Vernon K. Stevenson, now deceased, was, in his lifetime, administrator of this estate. An accounting proceeding, instituted by him. as such administrator, was pending in this court at the time of his death. In December, 1888, the Surrogate, by a written memorandum for counsel, announced the conclusion he had reached in regard to certain exceptions that had been taken to the report of. a referee, to whom the account and the objections thereto had been submitted.
As to one of the matters in controversy, leave was given the accounting party to offer additional evidence. Such evidence was afterward, and in Mr. Stevenson’s lifetime, introduced; but the issue upon which it bears has not been passed upon by the Surrogate, and no decree has been entered, settling, in whole or in part, the administrator’s account. The *238petitioners, who are children of the decedent Smith, now pray that the accounting proceeding be revived and continued against the widow of Mr. Stevenson, who has lately been appointed his administratrix.

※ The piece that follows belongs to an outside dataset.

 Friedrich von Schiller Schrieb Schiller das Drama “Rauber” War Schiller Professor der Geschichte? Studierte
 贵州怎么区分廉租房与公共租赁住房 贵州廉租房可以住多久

It is admitted that, prior to the recent amendment of § 2606 of the Code of Civil Procedure (see L. 1884, ch. 399), the Surrogate had no jurisdiction to cite A., as executor or administrator of B., to account for B.’s dealings, as executor or administrator of C-, with C.’s estate; except for such assets of C. as had come into A.’s possession (Dakin v. Demming, 6 Paige, 95; Montross v. Wheeler, 4 Lans., 99 ; Farnsworth v. Oliphant, 19 Barb., 30; Le Count v. Le Count, 1 Dem., 29 ; Bunnell v. Ranney, 2 id., 327).

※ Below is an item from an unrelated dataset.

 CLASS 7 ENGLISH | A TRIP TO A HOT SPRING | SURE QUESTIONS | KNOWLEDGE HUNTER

But by § 2606, as it now reads, the Surrogate can require an accounting from a representative of a deceased executor or administrator, just as he might require it from the deceased executor or administrator himself, after the revocation of his letters. There is no doubt, therefore, that, in a new proceeding, this administratrix can be directed to render a full account of her husband’s management of decedent’s estate. I am convinced, however, that the proceeding, which has abated by Mr. Stevenson’s death, cannot be revived.
In Leavy v. Gardner the Special Term of the Court of Common Pleas permitted an action to foreclose a mechanic’s lien to be continued, after the death of the defendant, against the defendant’s executor. Its action was reversed at General Term, and the reversal affirmed by the Court of Appeals (63 N. Y., 624), upon the ground that the proceeding thus allowed to *239be continued was not an action, within the meaning of the Code, but was a special proceeding-, to which the Code provisions, respecting the revival of actions, had no application.

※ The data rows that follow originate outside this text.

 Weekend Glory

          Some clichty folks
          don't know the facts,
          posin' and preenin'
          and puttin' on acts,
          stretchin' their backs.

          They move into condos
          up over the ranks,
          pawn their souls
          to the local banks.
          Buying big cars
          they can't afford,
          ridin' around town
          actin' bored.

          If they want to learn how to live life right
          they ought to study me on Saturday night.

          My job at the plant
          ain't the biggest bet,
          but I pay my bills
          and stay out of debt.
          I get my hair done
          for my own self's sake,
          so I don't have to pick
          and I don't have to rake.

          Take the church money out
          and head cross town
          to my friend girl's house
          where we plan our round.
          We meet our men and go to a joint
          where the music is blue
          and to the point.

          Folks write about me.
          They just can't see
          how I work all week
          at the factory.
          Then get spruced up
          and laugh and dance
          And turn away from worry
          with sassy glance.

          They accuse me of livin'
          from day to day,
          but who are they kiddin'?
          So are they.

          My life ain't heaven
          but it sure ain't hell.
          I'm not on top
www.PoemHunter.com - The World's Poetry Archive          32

I am unable to find any reason for upholding, in the case at bar, the contention of this petitioner’s counsel, that might not, in the case of Leavy v. Gardner, have been urged with equal or greater pertinency in behalf of the plaintiff Leavy. Section 755, which provides that actions shall not abate if the cause of action survives, does not apply to Surrogates’ courts, but | 765 is expressly made applicable thereto by subdivision 6 of § 3347. This section 765 forms part of title 4 of chapter 8 (the title that treats of “ Proceedings upon the death of a party”), and declares that nothing in the title contained shall authorize the entry of a judgment against a party who dies before a verdict, report or decision is actually rendered against him, but that, in such case, the verdict, report or decision is absolutely void.
No “ decision,” within the meaning of that word in the section just quoted, has been rendered, as to any of the matters at issue in the accounting proceeding (Adams v. Nellis, 59 How. Pr., 385; Weyman v. Bank, id., 331); therefore no decree can ever be entered.